Child Immunization Status Report To Be Discussed

September 14, 2004

Investigators from The Texas A&M University System Health Science Center College of Medicine’s Children’s Immunization Education Initiative (CIEI) Program will present their findings from a childhood immunization survey in Hidalgo County colonias at two meetings this week at the A&M Health Science Center’s South Texas Center in McAllen. Program Director and College of Medicine Executive Associate Dean Roderick E. McCallum, Ph.D., and CIEI Program Coordinator Nancy Arden, M.N., will report on the project’s findings to community leaders, public health officials, health care providers and volunteers. The project was funded by the Houston Endowment.
The meetings will take place on Wednesday, September 15, 2004, from 1 p.m. to 3 p.m. and on Thursday, September 16, 2004, from 9 a.m. to 11 a.m. in Room 101 in the South Texas Center, which is located at 701 E. Vermont Street in McAllen.
The project’s Executive Summary describes the scope of the CIEI study: “As Texas ranks low in childhood immunization rates, we were interested in surveying the immunization status of young children in underserved communities in South Texas. The primary objectives of the survey were to assess immunization coverage of children ages 19 months through 35 months living in colonias in Hidalgo County; assess parental knowledge and attitudes about immunizations; and determine the importance of access to health care, cost, health services delivery, and vaccine promotion, education and outreach strategies.”
The major findings that Dr. McCallum and Ms. Arden will discuss include the following:
· Young children living in Hidalgo County colonias are at least as well immunized as other children in Texas, and may have better coverage than the average child.
· While the up-to-date immunization status in this survey was higher than expected, many children were vaccinated later than recommended.
· The type of health insurance that covered the child’s medical expenses was strongly associated with immunization coverage. Children covered by CHIP or Medicaid had substantially higher coverage for most vaccination series.

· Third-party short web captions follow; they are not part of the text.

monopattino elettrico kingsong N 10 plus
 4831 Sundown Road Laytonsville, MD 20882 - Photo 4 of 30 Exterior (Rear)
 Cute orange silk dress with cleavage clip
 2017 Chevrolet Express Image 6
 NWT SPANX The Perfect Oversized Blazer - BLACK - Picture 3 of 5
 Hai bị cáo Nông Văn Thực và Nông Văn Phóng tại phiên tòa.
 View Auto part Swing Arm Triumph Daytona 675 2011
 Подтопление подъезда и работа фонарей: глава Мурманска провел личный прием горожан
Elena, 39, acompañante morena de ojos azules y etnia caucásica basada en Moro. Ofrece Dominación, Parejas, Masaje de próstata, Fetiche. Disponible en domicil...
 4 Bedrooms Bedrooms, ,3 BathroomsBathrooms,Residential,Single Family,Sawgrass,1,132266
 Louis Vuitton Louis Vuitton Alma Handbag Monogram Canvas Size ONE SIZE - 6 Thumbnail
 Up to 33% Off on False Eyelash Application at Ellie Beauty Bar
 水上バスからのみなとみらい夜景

· Although only 12 percent of those surveyed cited lack of money as a barrier to getting their children immunized, their children were significantly less likely to be up-to-date. They were also more likely to have no insurance or private insurance.
· A larger number of people surveyed (one-third) said that lack of transportation had prevented them from getting their children immunized.
· Participation in the WIC program was strongly associated with higher immunization coverage compared to non-participants.
· Not a single child had a record of influenza immunization, in spite of the fact that 10 percent of children met the criteria for annual immunization against influenza by virtue of having a high-risk medical condition themselves and 28 percent by living in a household with someone with a high-risk medical condition.
· There were a number of variables that have been shown to be associated with childhood immunization coverage in other studies that were not found to be associated in this study.
· Information obtained about individual dwellings, water supply, wastewater management, and types of roads in the colonias that were visited suggests that substantial improvements have been made in recent years.
The Texas A&M University System Health Science Center provides the state with health education, outreach and research. Its five components located in communities throughout Texas are Baylor College of Dentistry, the College of Medicine, the Graduate School of Biomedical Sciences, the Institute of Biosciences and Technology and the School of Rural Public Health.